The Attempt at a Solution
So for ##\Psi##, I just made the equation given equal to a constant and the proportional part, and made that the wave equation:
\begin{equation} \Psi (x,t) = k e^{\frac{-m \omega x^2}{2 \hbar}} e^{- i E_{o} \frac{t}{ \hbar}} \end{equation}
Its complex conjugate:
\begin{equation} \Psi (x,t) = k e^{\frac{-m \omega x^2}{2 \hbar}} e^{ i E_{o} \frac{t}{ \hbar}} \end{equation}
Then, I sat up the integral:
\begin{equation}
<x^2> = k^2 \int_{- \infty}^{\infty} e^{\frac{-m \omega x^2}{2 \hbar}} e^{ i E_{o} \frac{t}{ \hbar}} x^2 e^{\frac{-m \omega x^2 }{2 \hbar}} e^{- i E_{o} \frac{t}{ \hbar}} dx
\end{equation}
The complex parts just cancel out and become 1, and the real parts can be combined, so the integral simplifies to:
\begin{equation}
<x^2> = k^2 \int_{- \infty}^{\infty} x^2 e^{\frac{-m \omega x^2 }{ \hbar}} dx \end{equation}
I wasn't sure if what I did was right, since this is a non-trivial integral, but some other examples also had them, so I kept on going. According to a source:
\begin{equation} \int_{- \infty}^{\infty} x^2 e^{-ax^2} = \frac{ \sqrt{\pi}}{2 a^{\frac{3}{2}}}
\end{equation}
Using that, I just substituted ##a## for ##\frac{m \omega}{\hbar}##, and got:
\begin{equation}
<x^2> = k^2 \frac{ \sqrt{\pi}}{2 \frac{m \omega}{\hbar}^{\frac{3}{2}}}
\end{equation}
After this, I guess I will have to find the value of the constant, for that, I just set up a regular expectation value:
\begin{equation} <x^2> = k^2 \int_{- \infty}^{\infty} e^{\frac{-m \omega x^2 }{ \hbar}} dx \end{equation}
After looking up the value of the general integral, which is ##\sqrt{\frac{\pi}{a}}## where ##a = \frac{m \omega}{\hbar}##, I get:
\begin{equation} k^2 = \sqrt{\frac{2 m \omega}{h}} \end{equation}
After some plugging in and simplifications, I get the answer:
\begin{equation}
<x^2> = \frac{\hbar}{\sqrt{2} m \omega}
\end{equation}
What I wanted to know is if my process and the formulae I used were correct.

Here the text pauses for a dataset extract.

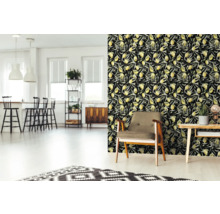 Espace de vie avec papier peint à motif citron, fauteuil et décoration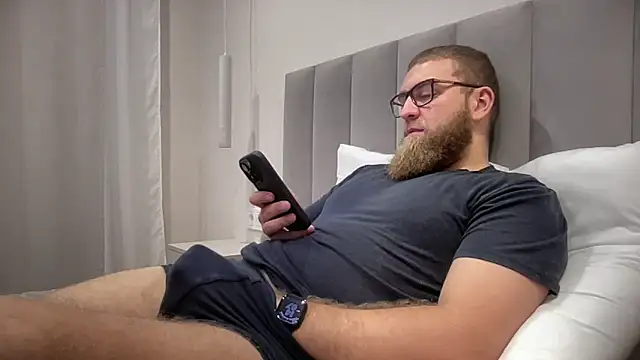 Bear bear  online show from October 25, 2025, 11:07 am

I am still somewhat rusty on expectation values so I actually wasn't sure on whether my whole process is the correct approach. I am also not exactly sure on how to get the rms displacement, do I really just square the expectation value or is there more to the calculation than that? I'm also not sure if the first equation given in the question has any relevance in the calculations. Thanks in advance.